Crawler Traps, how to prevent and fix them
Crawler traps make it difficult or even impossible for a crawler to crawl your website efficiently. Crawler traps hurt the crawl process and make it difficult for your website to rank.
What are crawler traps
Crawler Traps or Spider traps is a techical term for an issue the the structure of a website. Crawler traps generate a never ending amount of urls that a spider cannot possible crawl. As a result the spider will get stuck in this trap and never get to the 'good' parts of your website.
Good practice tips and tricks to prevent crawler traps
As crawler traps go, prevention is better than cure. Crawler traps usually originate from a technical design flaw. Fix the design flaw and do not try to cover the issue.
- Block duplicate pages in your robots.txt file
- A correct cannonical url will prevent duplicate content but not crawl budget issues
- Adding nofollow to links stops the link from passing pagerank.
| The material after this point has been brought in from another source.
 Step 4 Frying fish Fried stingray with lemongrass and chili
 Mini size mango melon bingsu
It does not prevent crawler traps
What is the issue with spider traps?
Spider traps may slow down the discovery of important new pages and changes and cause issues with the quality ans structure of of a website
1. Crawl budget issues
Each website receives a crawl budget from Google. A crawl budget is the amount of requests (note: this is note the same as the amount of pages!) Google is willing to make to your website. When your crawl budget is 'waisted' on irrelevant pages there might not be enough budget left to quicly discover new exiting content and discover recent changes to your site.
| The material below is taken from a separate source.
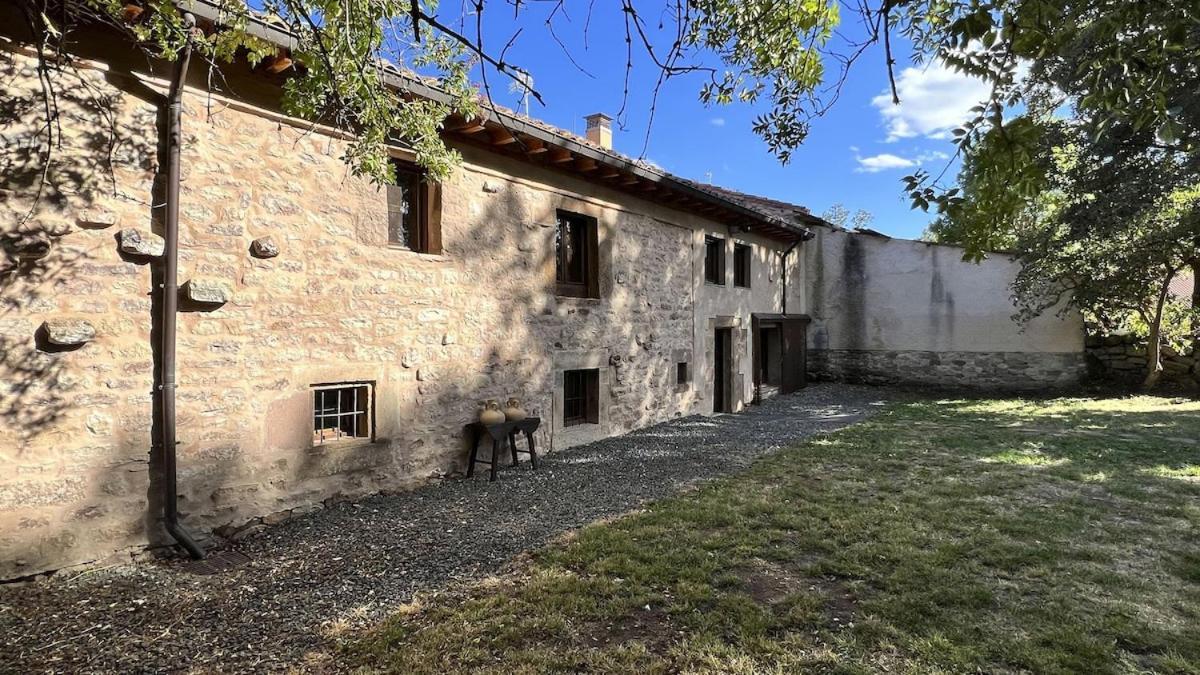 La Casa De Celada Villa Celada de Los Calderones Exterior foto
Googlebot is able to detect most spider traps. Once a spider trap is detected Google will stop crawling the trap and lower the crawl frequency of those pages. However detection of a crawl trap may take Google some time and after detection crawl budget is still being wasted on the spider trap, only less the before.
2. Quality issues
Most crawler traps consist of infinite loops of the same page(s). Each page is basically the same as the previous page. This cause duplicate content issues. Duplicate content is a sign of a low quality website. Googlebot is able to detect and filter duplicate content pages. However this process takes time and in not infallible. If only 0.00001% of infinate pages are not flagged by Google this still causes serious issues.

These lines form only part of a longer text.